12. People who order the same drink from two different bartenders and then look like a deer caught in the headlights when we both bring their drink and say, “Did you just order from both of us???” They act as though they had NO IDEA that we would both actually make the same f’ing drink.
13. People who look intently at our taps and proceed to order multiple things that aren’t on tap one after another after another. Don’t make us poke your eyes out if you’re just pretending to use them!
14. People who ask for another drink because they spilled their own drink. People who ask us to “top” their drink off. People who state their case as to how they can hardly taste any alcohol in their drink. Give it up, you aren’t getting another drop unless you pay for it.
15. People who ask, “do you have any specials?” Followed by, “what’s the cheapest beer/shot/drink I can get?” No we don’t have “specials” unless you mean the people around you. If you want cheap, go buy a 40 and head back to your dorm.

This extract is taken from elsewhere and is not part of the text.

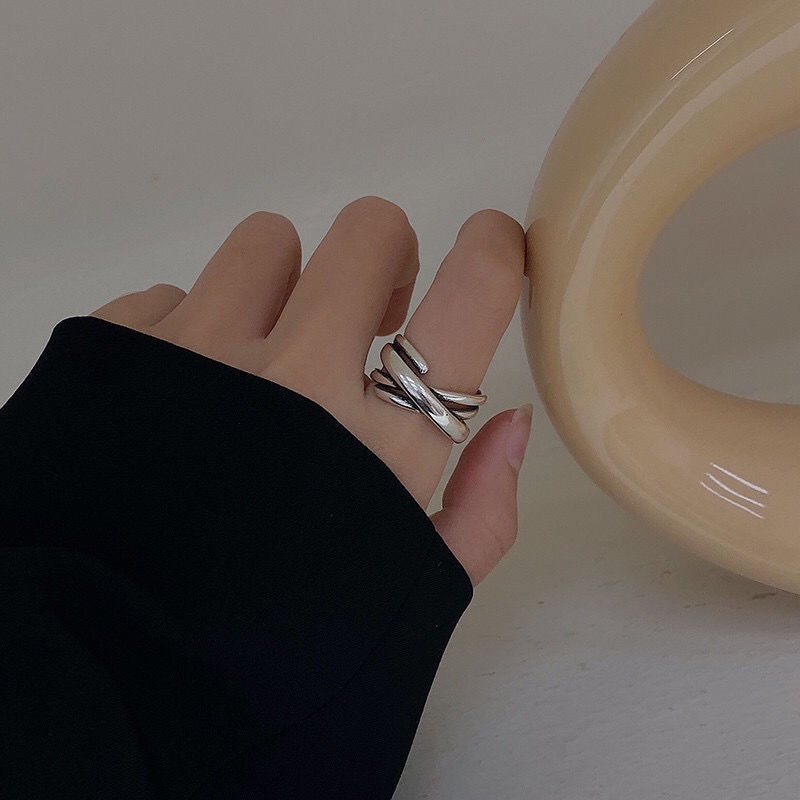 Cincin Model Terbuka Desain Angka Romawi Gaya Retro Korea Untuk Wanita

16. People who ask random, irrelevant and time consuming questions about specific alcoholic beverages and then order something completely different. Thank you for wasting our time, we can never get that time back….
17. The hand-over-the-mouth orderer. People, please do not do this. We read lips you know. When we then ask you to REPEAT your order because your f’ing hand was in the way it does NOT mean you should place your hand even closer to your mouth to repeat your order! We want to slap your hand away and then slap you…..just because.
18. People who touch the fruit. Where did you grow up? Get your filthy, rotten, disgusting hands off of our limes and lemons. We are pretty sure you didn’t wash your hands before exiting the restroom!
19. People who leave their tips laying on top of the fruit. Again – dirty! Why would you ever do this?
20. Customers who think service with a smile translates into bartenders wanting their phone numbers at the end of the night. We don’t. We were being nice because we have to.
How on earth did I forget this one:
21. The folded up money trick. Hey buddy, we know you’re not gonna tip us, no need to make our lives harder by having to unfold or unravel crinkled up money. We are going to now count it in front of you to say two things to you without actually saying them: (1) we think you’re a cheap bastard and we are on to you and (2) we think you’re shady and that’s why we need to count the folded up bills right in front of your cheap bastard face.
In her own words #classicchristinegiordano she was the best… I think it shows her true spirit.